Loop over the source buffer, unpacking each component, and repacking into the destination format, and write it into the destination buffer.
void* rgba8888_to_rgba4444(
void* src, // IN, pointer to source buffer
int cb) // IN size of source buffer, in bytes
{
// this code assumes that a long is 4 bytes and short is 2.
//on some compilers this isnt true
int i;
// compute the actual number of pixel elements in the buffer.
int cpel = cb/4;
unsigned long* psrc = (unsigned long*)src;
// create the RGBA4444 buffer
unsigned short* pdst = (unsigned short*)malloc(cpel*2);
// convert every pixel
for(i=0;i<cpel; i++)
{
// read a source pixel
unsigned pel = psrc[i];
// unpack the source data as 8 bit values
unsigned r = p & 0xff;
unsigned g = (pel >> 8) & 0xff;
unsigned b = (pel >> 16) & 0xff;
unsigned a = (pel >> 24) & 0xff;
//convert to 4 bit vales
r >>= 4;
g >>= 4;
b >>= 4;
a >>= 4;
// and store
pdst[i] = r | g << 4 | b << 8 | a << 12;
}
return pdst;
}
The actual conversion loop I did very wastefully, the components can be extracted, converted and repacked in a single pass, making for far faster code. I did it this way to make the conversion explicit, and easy to change. Also, im not sure that I got the component order the right way around. So it might be b, r, g, a, but it shouldn't effect the result of the function as it repackes in the same order into the dest buffer.

Using ImageMagick you can create RGBA4444 PNG files by running:
convert source.png -depth 4 destination.png
You can get ImageMagick from MacPorts.

You may consider using Imagination's PVRTexTool for Windows. It's specifically for creating PVR textures in every supported color format. It can create both PVRTC compressed textures (what you call "PVR") as well as uncompressed textures in 8888, 5551, 4444, etc.
However, it doesn't output PNGs (only PVRs) so your loading code would have change.
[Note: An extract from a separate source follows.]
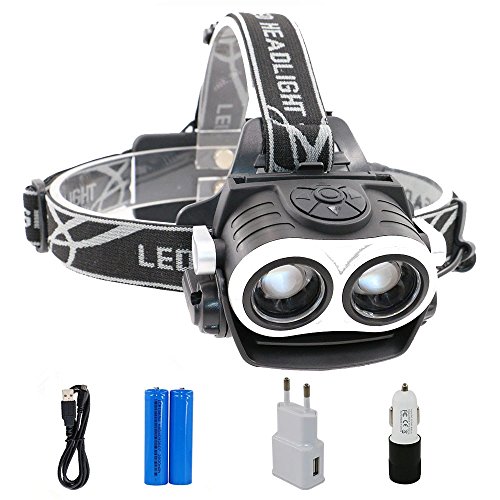 Boruit Linterna Frontal Lámpara de Cabeza 4000 Lúmenes 2*T6 LED Impermeable y Ajustable Ultraligero para Montar Bici, Pescar, etc, Color Negro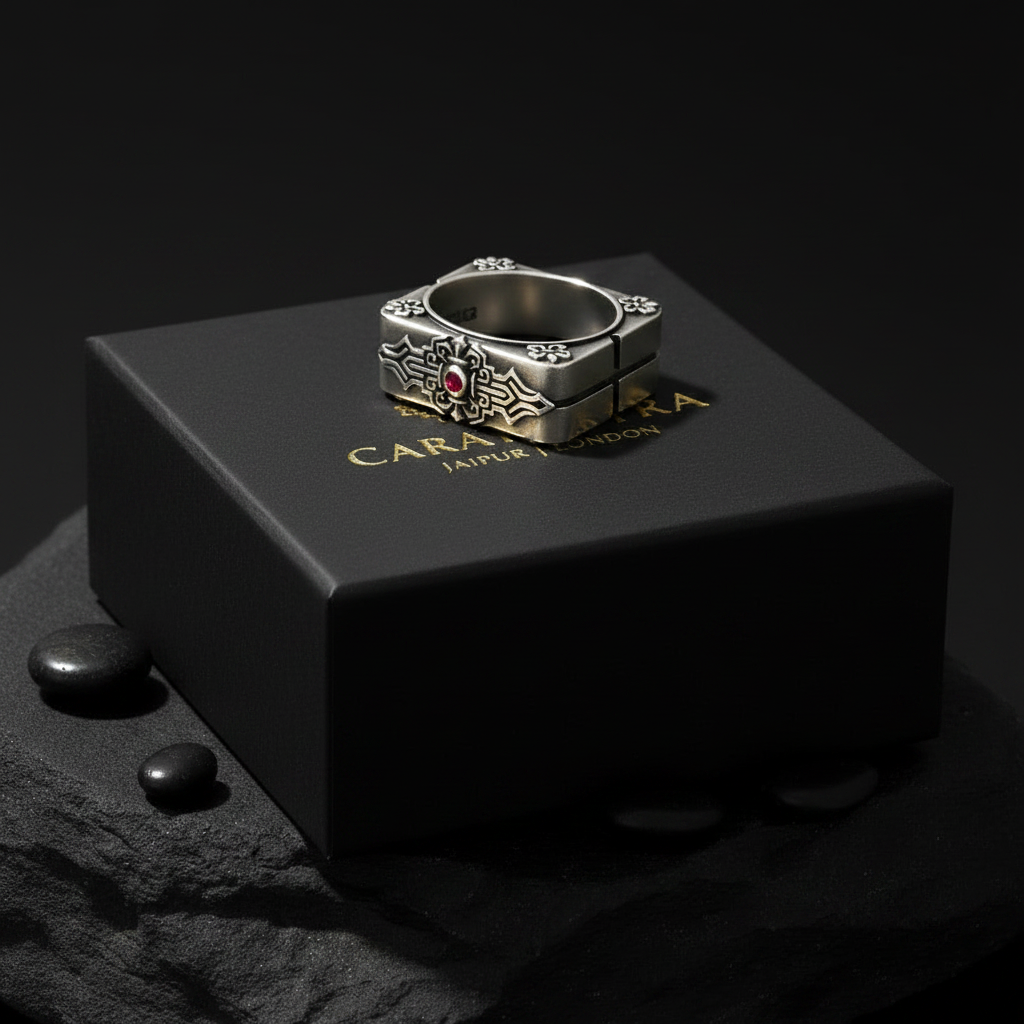 Square Emblem Silver Band | 925 Sterling, studded with Original Ruby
Also, sometimes PVRs are much larger than PNGs because the pixels in PNGs are compressed with deflate compression.
Since you're most likely running OS X, you can use Darwine (now WineBottler) to run it (and other windows programs) on OS X.
You'll need to register as an Imagination developer before you can download PVRTexTool. Registration and the tool are both free.
Once you set it up, it's pretty painless and it gives you a decent GUI for working with PVRs.

You might also want to look how to optimize RGBA8888 for conversion to RGBA4444 using floyd-steinberg dithering in GIMP: http://www.youtube.com/watch?v=v1xGYecsnX0

You could also use http://www.texturepacker.com for conversion.

Here is an optimized in-place conversion of Chris' code which should run 2x as fast but is not as strait forward. The in-place conversion helps to avoid crashes by lowering the memory spike. Just thought I'd share in case anyone was planning on using this code. I've tested it and it works great:
void* rgba8888_to_rgba4444( void* src, // IN, pointer to source buffer
int cb) // IN size of source buffer, in bytes
{
int i;
// compute the actual number of pixel elements in the buffer.
int cpel = cb/4;
unsigned long* psrc = (unsigned long*)src;
unsigned short* pdst = (unsigned short*)src;
// convert every pixel
for(i=0;i<cpel; i++)
{
// read a source pixel
unsigned pel = psrc[i];
// unpack the source data as 8 bit values
unsigned r = (pel << 8) & 0xf000;
unsigned g = (pel >> 4) & 0x0f00;
unsigned b = (pel >> 16) & 0x00f0;
unsigned a = (pel >> 28) & 0x000f;
// and store
pdst[i] = r | g | b | a;
}
return pdst;
}

Related

Reducing LUT utilization in a Vivado HLS design (RSA cryptosystem using montgomery multiplication)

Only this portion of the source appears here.